**DATA RECORDS:**
━━━━
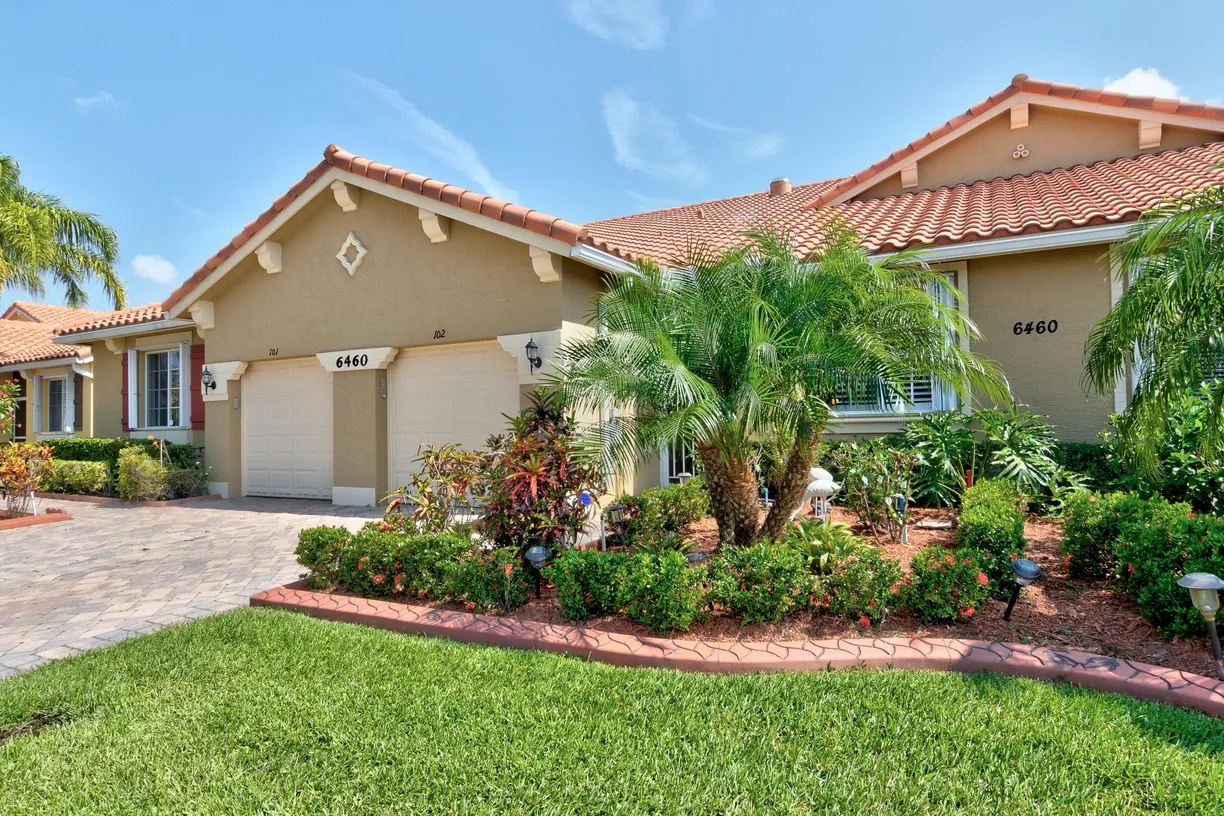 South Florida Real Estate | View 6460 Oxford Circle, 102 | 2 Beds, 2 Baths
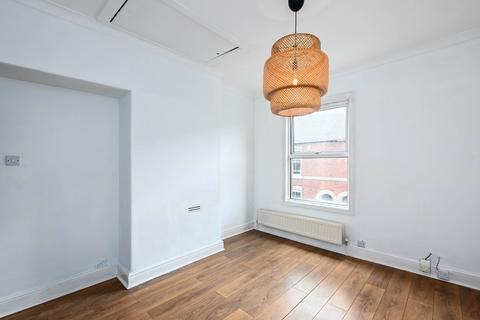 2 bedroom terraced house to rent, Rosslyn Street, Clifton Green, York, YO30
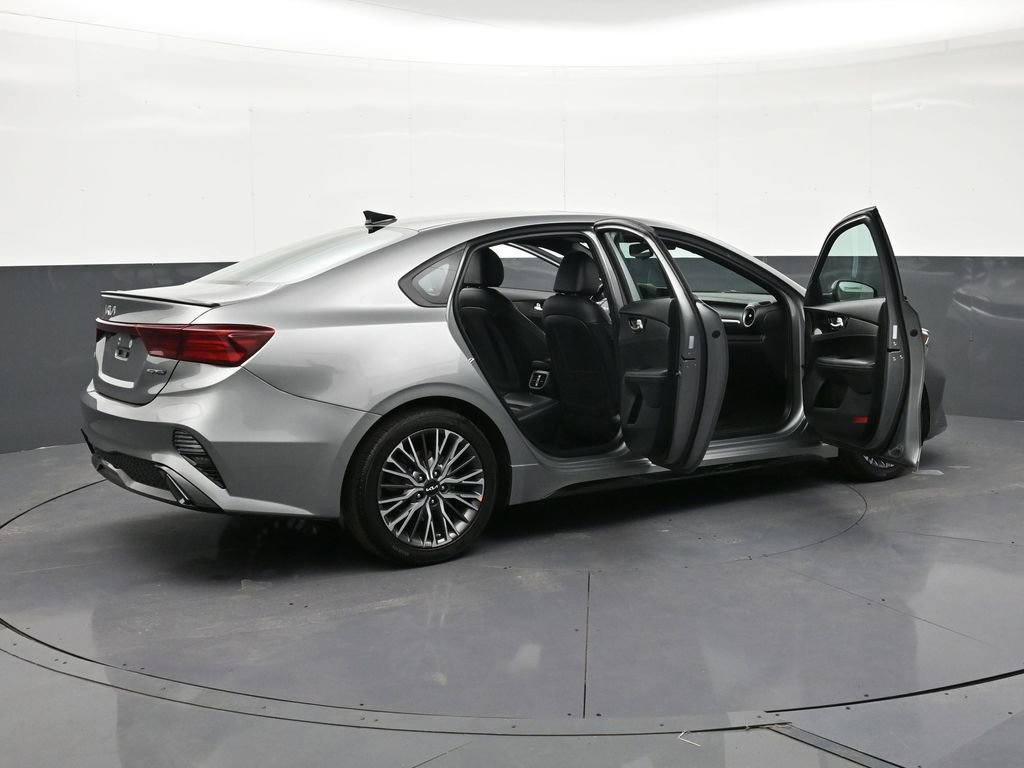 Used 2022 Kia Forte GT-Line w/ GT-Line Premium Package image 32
━━━━
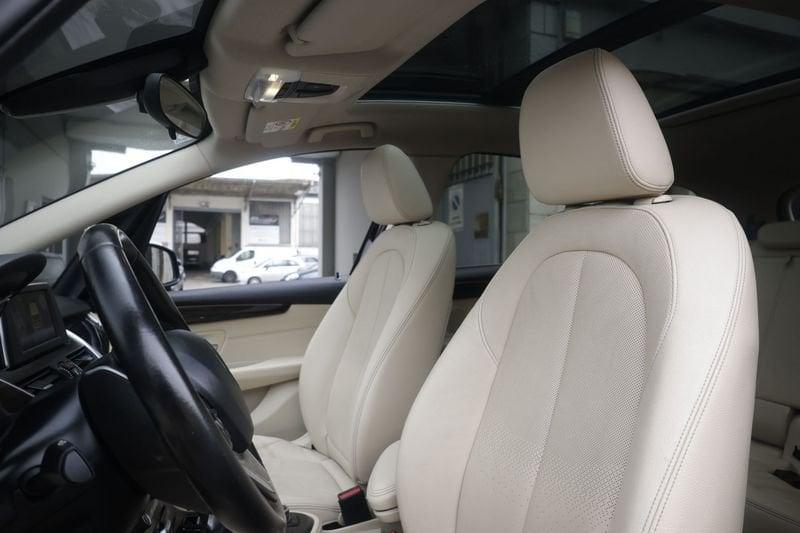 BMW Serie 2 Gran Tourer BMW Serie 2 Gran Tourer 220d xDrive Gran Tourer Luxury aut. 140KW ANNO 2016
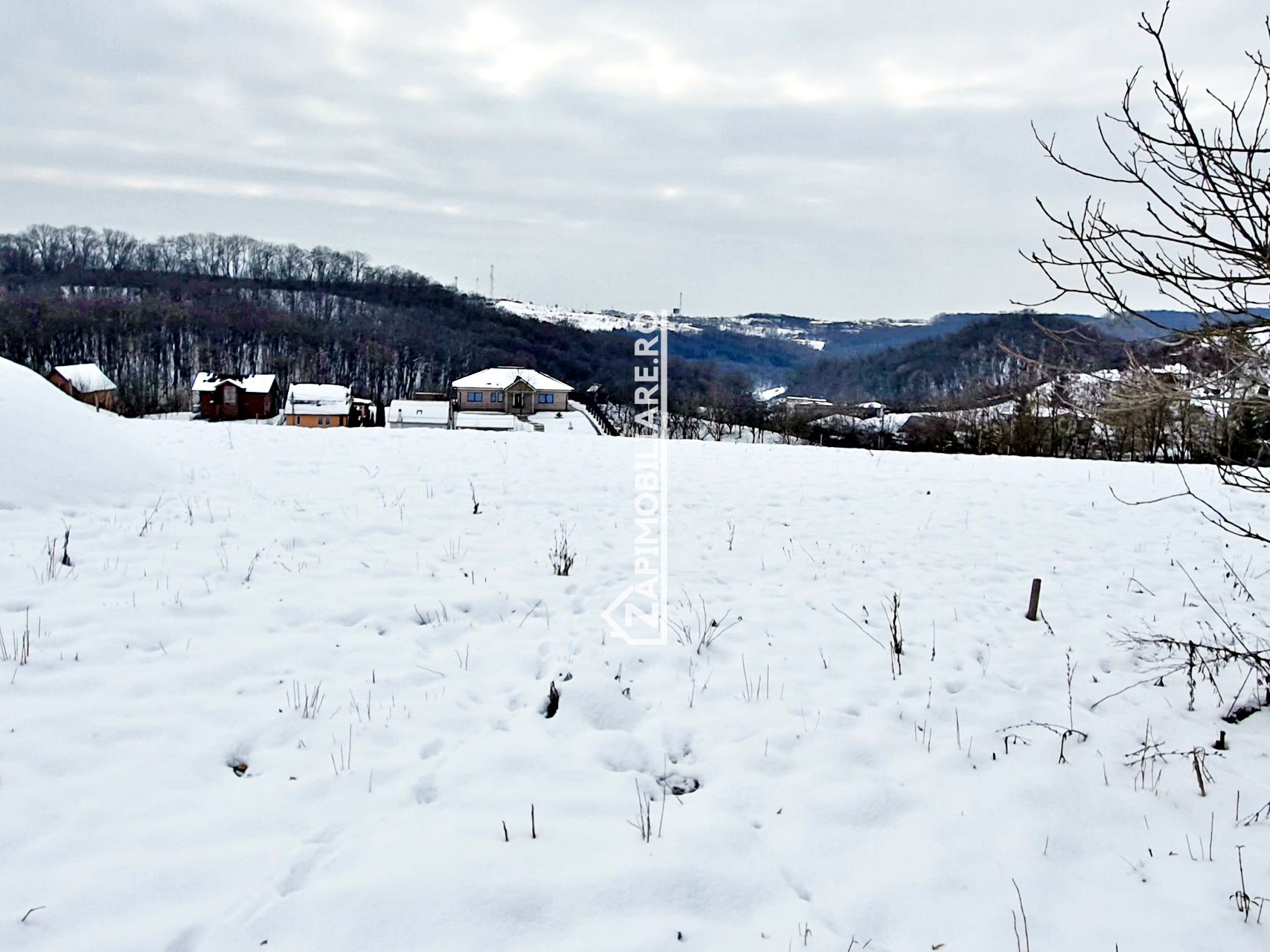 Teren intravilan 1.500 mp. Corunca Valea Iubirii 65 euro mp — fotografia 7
━━━━
**ABOUT THIS EXERCISE:**
Beginning at the line above that contains "South Florida Real" and going on through the line that contains "Used 2022 Kia", please copy every line exactly, leaving the pictures out and adding nothing.

**TASK RESULT:**
 South Florida Real Estate | View 6460 Oxford Circle, 102 | 2 Beds, 2 Baths
 2 bedroom terraced house to rent, Rosslyn Street, Clifton Green, York, YO30
 Used 2022 Kia Forte GT-Line w/ GT-Line Premium Package image 32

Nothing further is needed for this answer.